For two years I enjoyed a weekly group lesson at this heavenly place (my sole raison d'etre in my dysfunctional family environs.) The horse camp was for families more well-heeled than mine, despite the insane pre-inflation prices listed. Onondarka's star teen rider when I was there was future Dressage Olympian ☆☆Hilda Gurney ☆☆☆




 I wish to reiterate to my blog friends that I had no genuine riding talent, just persistence over the years. That and the love of animals, which the domesticated ones pick up on, were my sole equestrian safeguards. Onondarka (said to be a Native American vernacular for Place of Horses) had effective and humane methods of instructing young horse-crazy kids, so effective that they served me well thirty years later when I could afford to ride under my own steam. Onondarka Riding School eventually was subdivided and paved over, but at least its instructors founded another English equestrian place a further forty miles away called Foxfield Riding School in Westlake Village, around the western-most end of the San Fernando Valley.

Sunday, February 14, 2021


Private reserve of my childhood books, all, dare I say, dog-eared and thoroughly re-read. Despite the Arabian peninsula and deserted island fantasies of the first and second books, the Walter Farley 'Black Stallion' series were based largely upon, believe it or not, modern Thoroughbred and Harness racing of the author's era. One gets a hint of this direction in the ending of the fabulous 1979 "art movie for children," The Black Stallion, directed by Carroll Ballard with visuals courtesy of the greatest cinematographer in the entire film business, Caleb Deschanel.

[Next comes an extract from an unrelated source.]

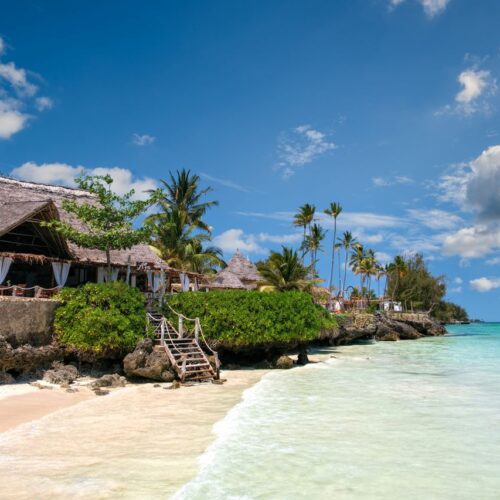 scene in Zanzibar with palm trees, turquoise sea, and a traditional villa.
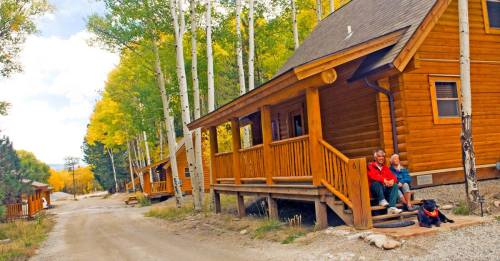 A couple and a dog sit on the porch of a log cabin, surrounded by trees and a dirt road in a scenic, autumn setting.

Besides the ancient Oz books I inherited, the newer ones also have an equine theme. For instance, "The Silver Princess of Oz" featured the title character's sidekick steed (pictured below.) "Ojo in Oz" and "The Emerald Wand" were both plot-heavy with unicorns.  

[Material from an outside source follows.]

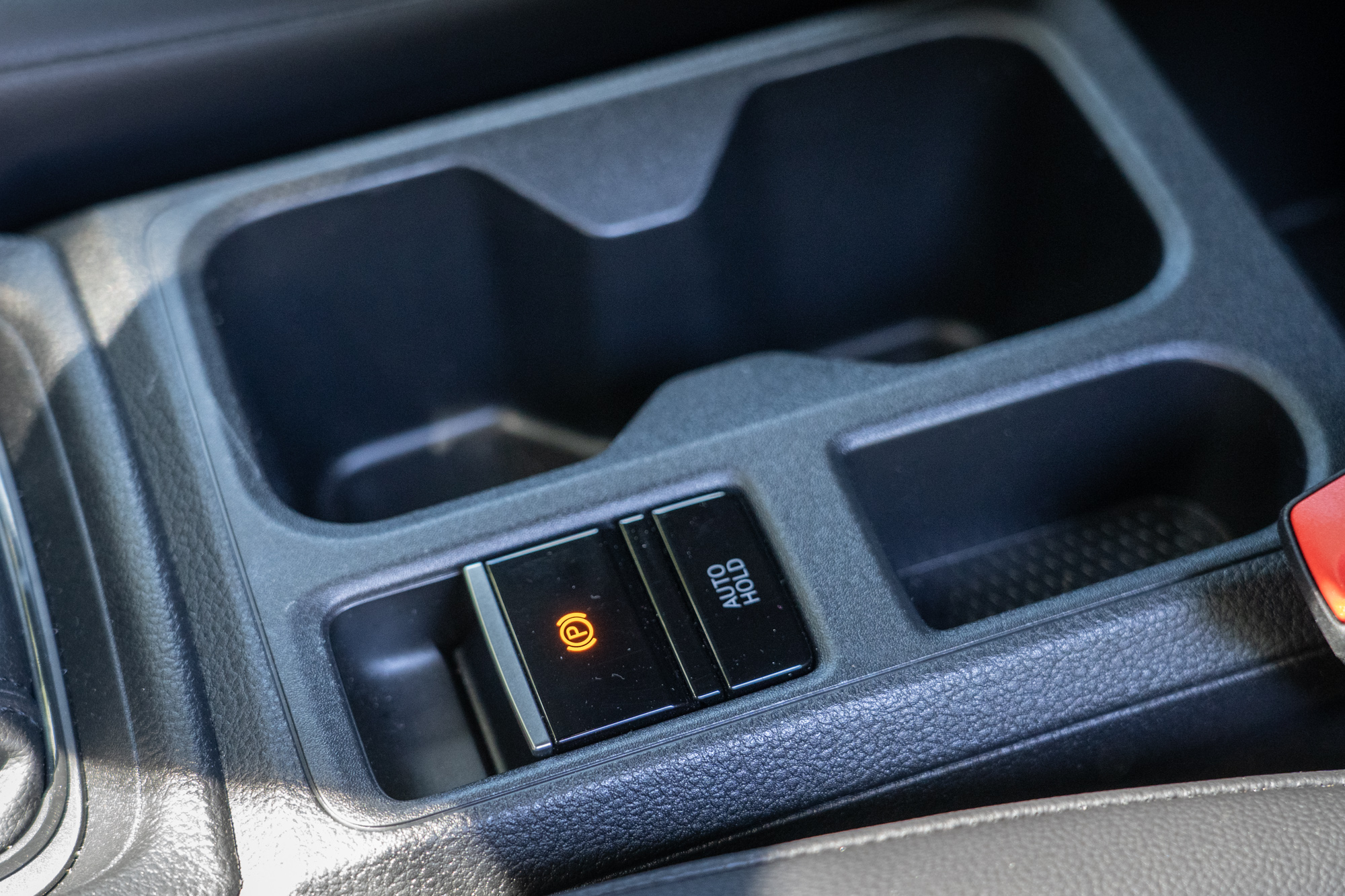 排檔座後方的置杯架與小置物空間，並有電子手煞車含 Auto Hold 車輛靜止功能。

Half the alchemy of the Oz series was its illustrations. Although the writing became public domain, no reprints succeed except those with the original or with the best possible retro illustrations which also encapsulate the magic. Most older titles use its initial publication art by John R. Neil, a contemporary of original Oz authors L. Frank Baum and Ruth Plumly Thompson.

All illustrations pictured here are by Neil with the exception of the third one, cladistically placed with the unicorns, fair usage © by William Stout, an always amazing contemporary artist also justly celebrated for his paleontology and fantasy paintings.